YouTube is to television addicts as a packed fridge is to compulsive overeaters

I grew up watching a lot of TV -- maybe not by those "average American" standards you're always hearing about (six hours a day? Really?), but certainly a decent bit by any other measure. I regularly watched a solid block of cartoons from approximately 8 a.m. to noon on Saturdays, and I was a big fan of sitcoms (as were my parents, especially my mom): Family Ties, The Cosby Show, A Different World, Roseanne. Though in the past I consulted YouTube mostly for wacky one-offs (Dramatic Chipmunk!) and Obama campaign clips, over the past few months I've begun to realize the medium's true potential as a television (and, to a lesser degree, movie) archive -- and it's as addictive as the proverbial crack.

This is no news, but it is becoming a problem. (The New Yorker's current article on luxury rehab helped put my behavior in the context of addiction.) I find myself staying up too late, sometimes way too late, watching -- what, The Class? The Big Bang Theory? I think the habit started in the spring, when I was still reeling from my breakup with Emily. I began watching Quarterlife, the endearing Web series that made a spectacularly unsuccessful attempt to cross over to prime-time TV (and subsequently died one of the quickest deaths in television history). I stayed up late to watch one episode -- sorry, "Webisode" -- after another, like a chain smoker who lights the next cigarette with the current one.

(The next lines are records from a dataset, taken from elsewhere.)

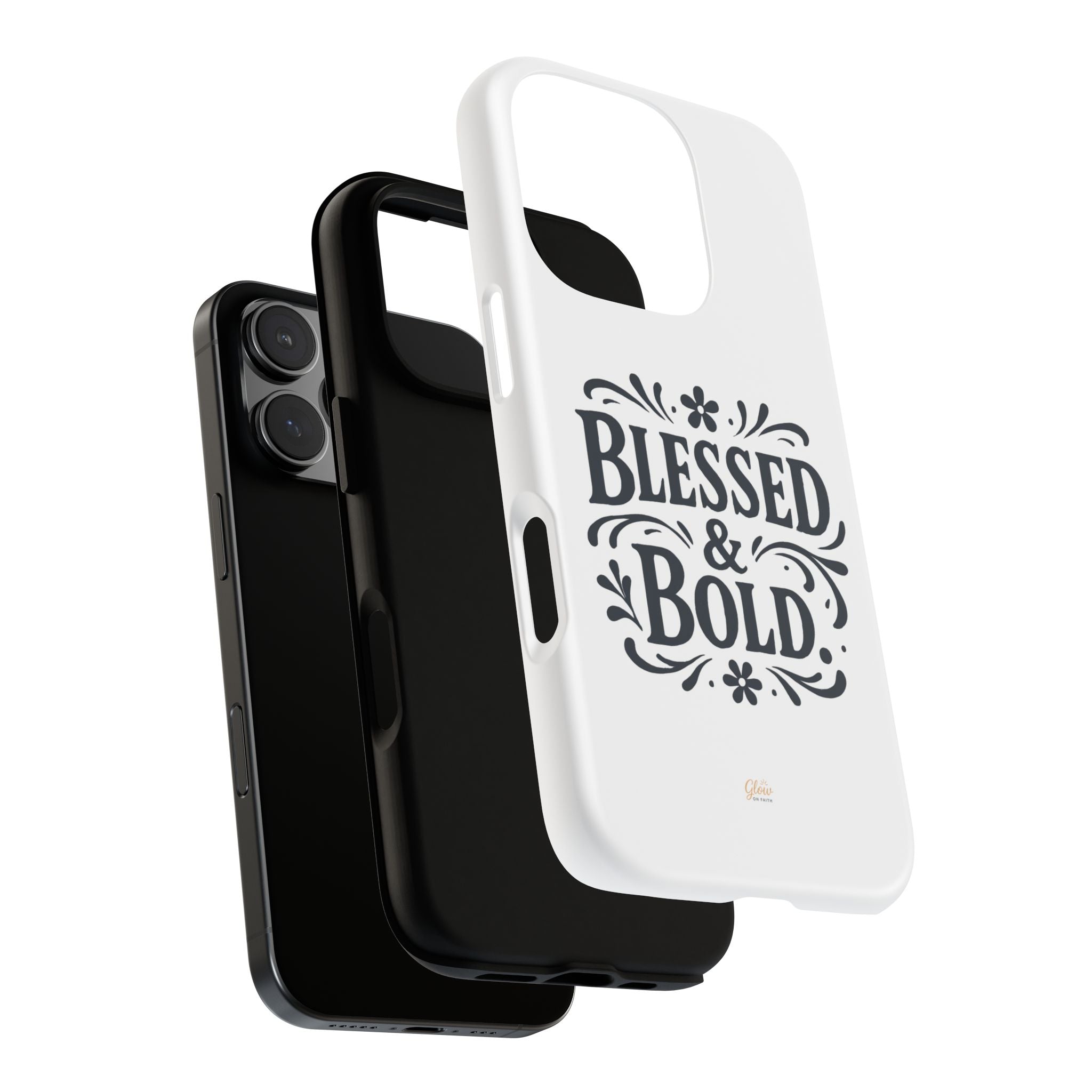 Bold & Blessed | Phone Case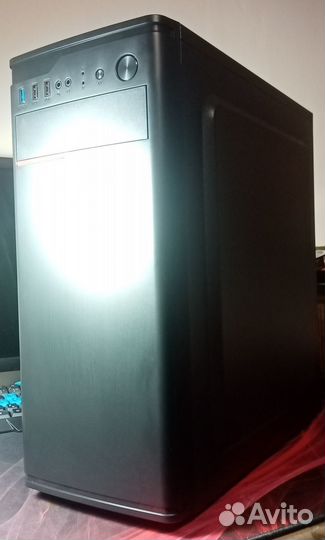 Игровой системник на I7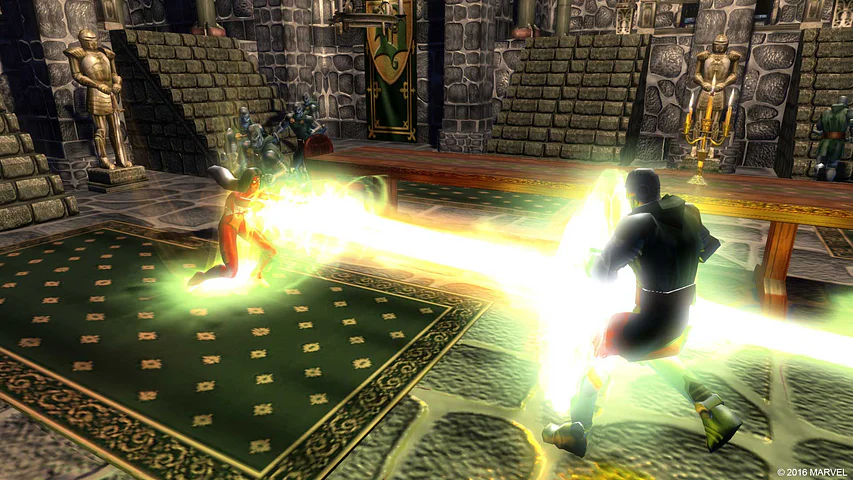 Marvel: Ultimate Alliance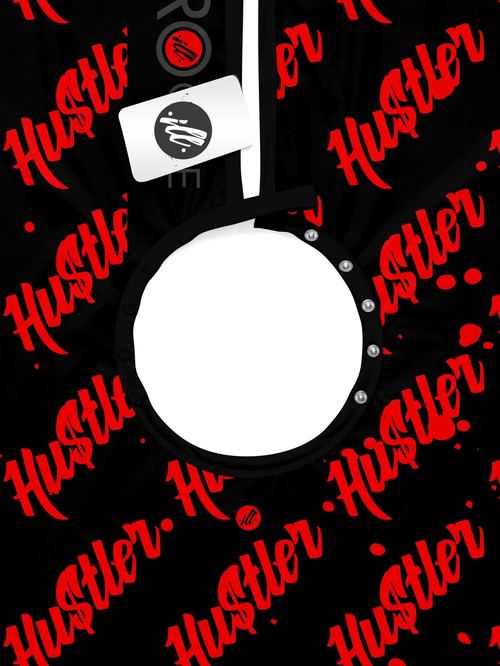 HU$TLER Red PRO Cape, view 6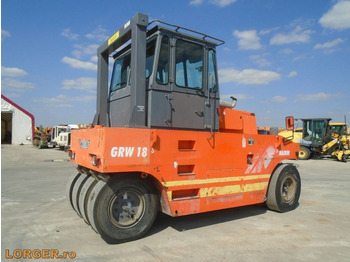 Compacteur à pneus Hamm GRW 18: photos 2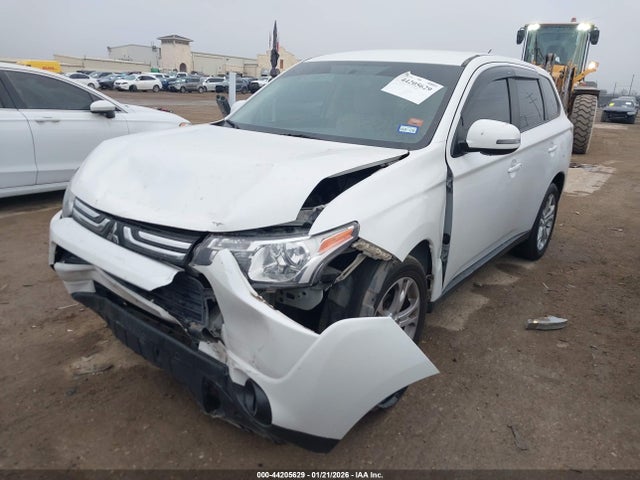 2014 MITSUBISHI OUTLANDER JA4AD3A30EZ010494 Photo 1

TV on YouTube is comforting in a way that on-air TV and even rented TV isn't -- it's free (so no financial guilt), and it's available anytime (so your every whim can be catered to, provided you don't mind having some episodes of certain series chopped into "best bits" highlight reels). In my life in general, I've been doing a bit better lately in terms of self-discipline, and that includes trying to get to bed earlier. But every so often, especially after a couple of productive days, I feel a strong, almost insuperable need to "wind down" before bed -- and occasionally, winding down lasts until the middle of the night, or even the morning. I try not to get too down on myself for it, but I'd like to make it happen less frequently.

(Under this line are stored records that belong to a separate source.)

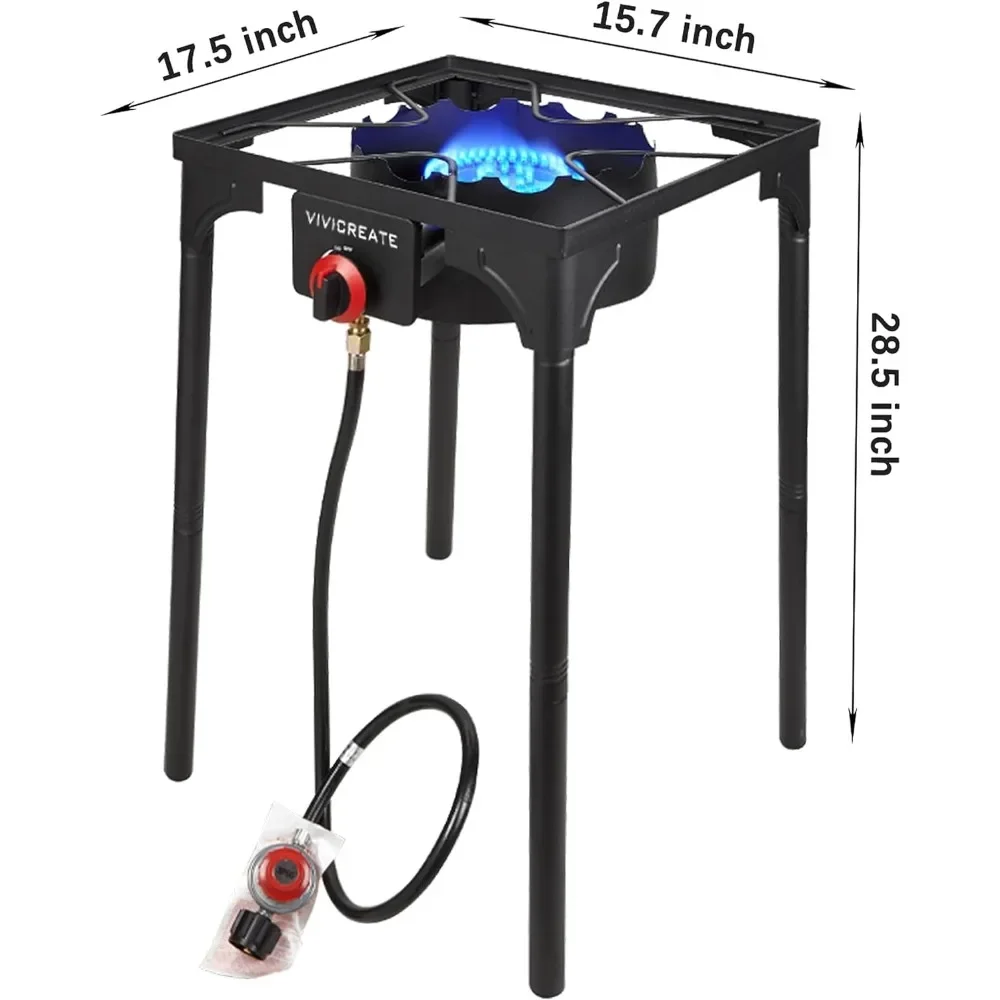 ez free standing Outdoor Stove - Outdoor Camping List recension och pris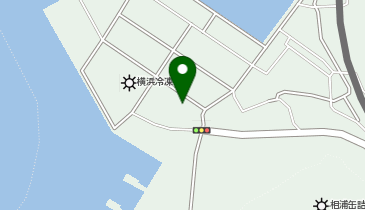 GC相浦第2工場の地図画像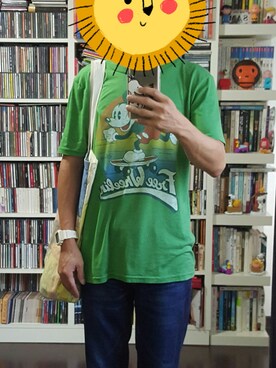 Sam Ngさんのコーディネート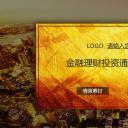 商务.金色PPT模板金色 13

My desire to be soothed by something drug-like finds tremendous fulfillment in YouTube's nearly unlimited supply of old TV shows. After reading Four Arguments for the Elimination of Television, Jerry Mander's landmark treatise against the medium as a whole, I began to rethink my assumption that TV is inherently neutral, a blank slate that can be used for either benign or destructive purposes. Now I think the Internet, despite its interactive nature, may have an even greater potential to addict us and dumb us down. Again, no news, but something I'm struggling with firsthand right now. Just as a compulsive overeater has to deal with food every day, someone who works as a freelance writer and is looking for a day job needs to use the computer on a daily basis. The challenge is knowing when to stop.

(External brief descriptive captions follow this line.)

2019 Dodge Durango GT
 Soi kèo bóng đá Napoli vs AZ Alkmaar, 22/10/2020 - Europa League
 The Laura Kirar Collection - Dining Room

Oh, and this just in: A YouTube commenter remarks, in response to the pilot episode of Quarterlife and the series' protagonist, Dylan Krieger:
A genetically perfect, healthy American woman lies on her bed and moans about her life into her $2000 Mac. Our western society has never been more affluent and never been more dull. Where are the real intricacies, hardships and wonderment of being human? What is this endless vanity, faux psychology, surface emotion of internet blogspeak? We are a generation locked in a time-warp of high school crushes and teen angst naval gazing [sic]. Time to grow up and start being the adults that we are.
Ain't that the damn truth. Ms. Krieger, c'est moi!